GIVEN DATA:
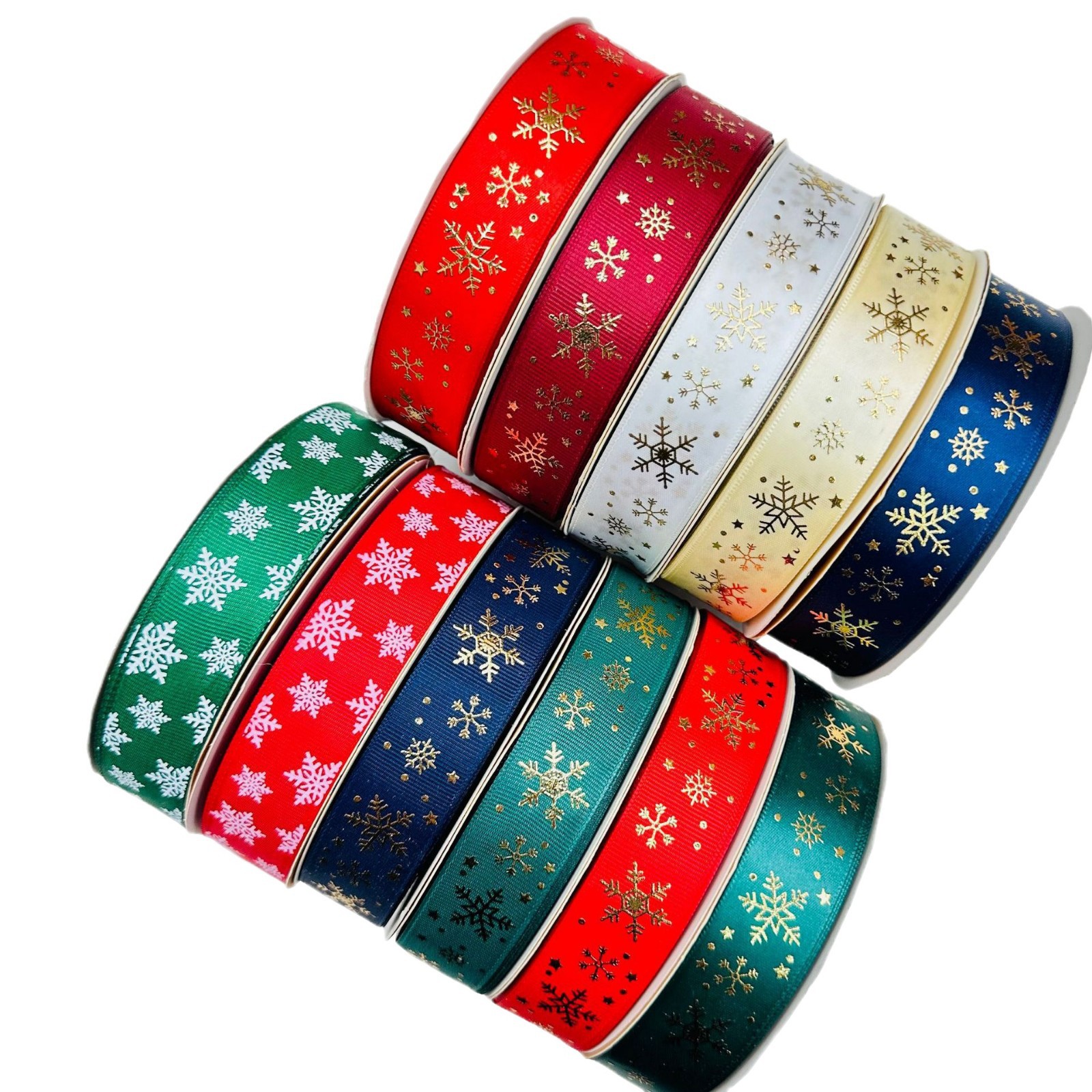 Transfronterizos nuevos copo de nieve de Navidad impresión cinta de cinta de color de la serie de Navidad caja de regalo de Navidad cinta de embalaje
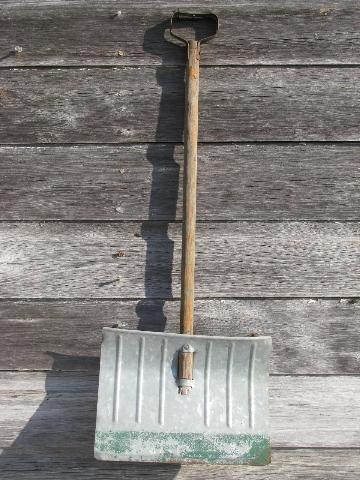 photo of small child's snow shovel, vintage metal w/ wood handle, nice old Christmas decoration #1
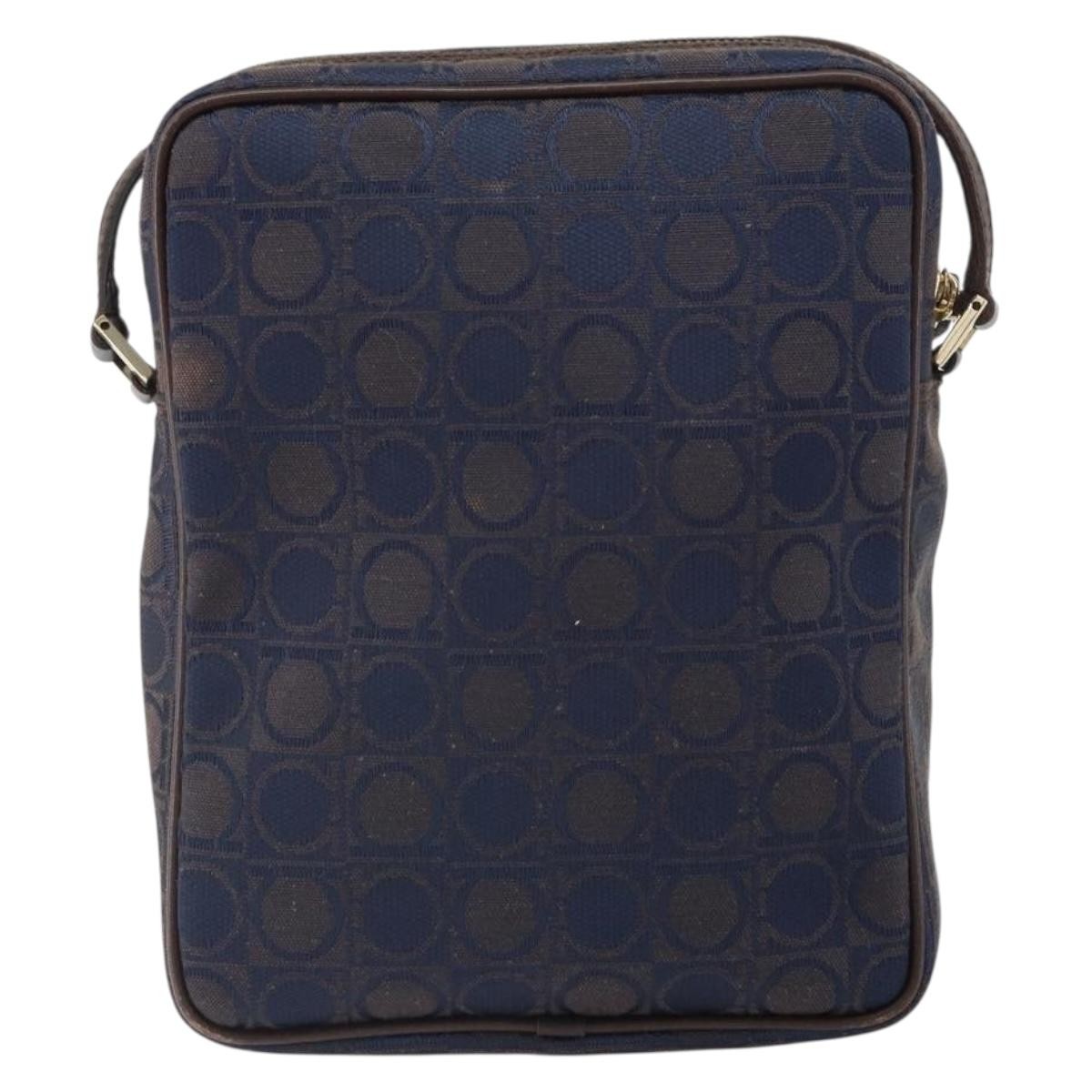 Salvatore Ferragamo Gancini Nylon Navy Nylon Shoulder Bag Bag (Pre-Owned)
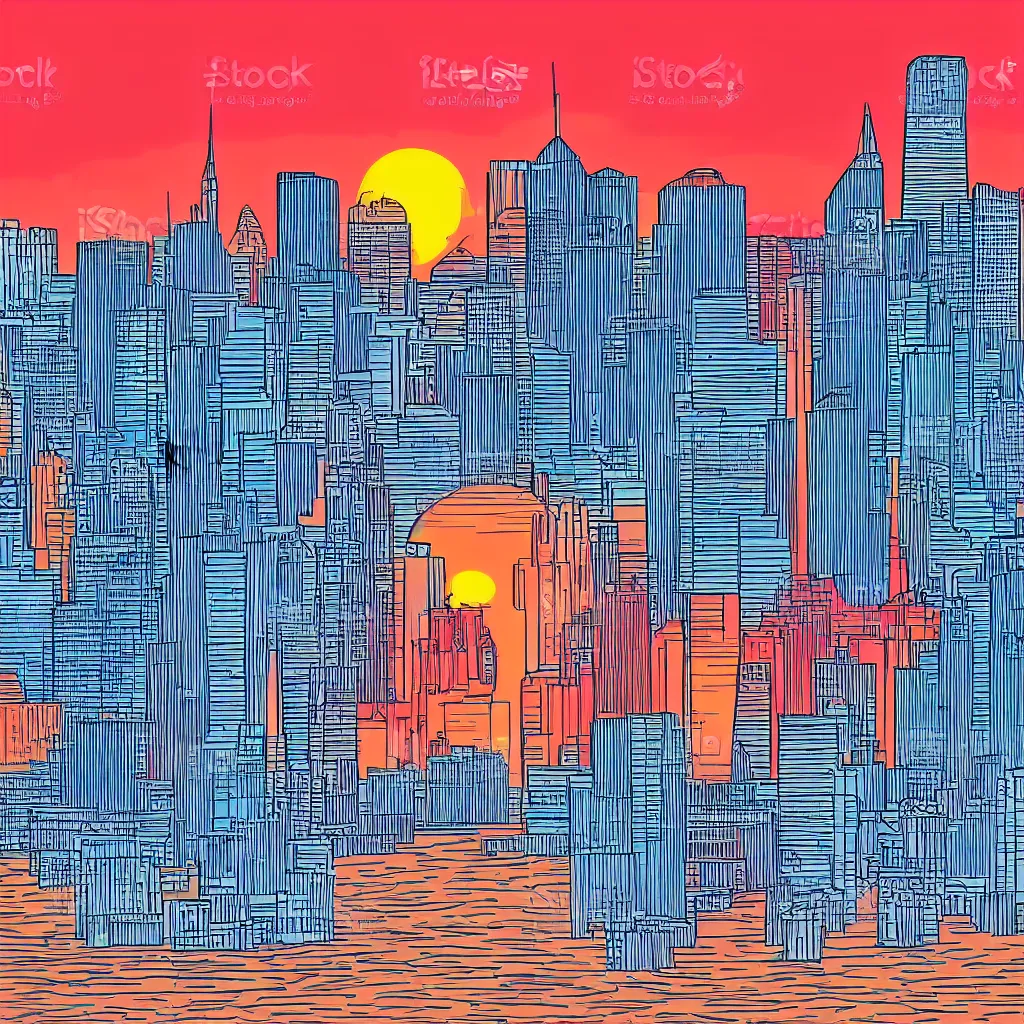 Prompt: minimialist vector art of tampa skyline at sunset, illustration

ACTIVITY:
Every line of the material must be reproduced verbatim; the pictures are to be omitted.

RESULT:
 Transfronterizos nuevos copo de nieve de Navidad impresión cinta de cinta de color de la serie de Navidad caja de regalo de Navidad cinta de embalaje
 photo of small child's snow shovel, vintage metal w/ wood handle, nice old Christmas decoration #1
 Salvatore Ferragamo Gancini Nylon Navy Nylon Shoulder Bag Bag (Pre-Owned)
 Prompt: minimialist vector art of tampa skyline at sunset, illustration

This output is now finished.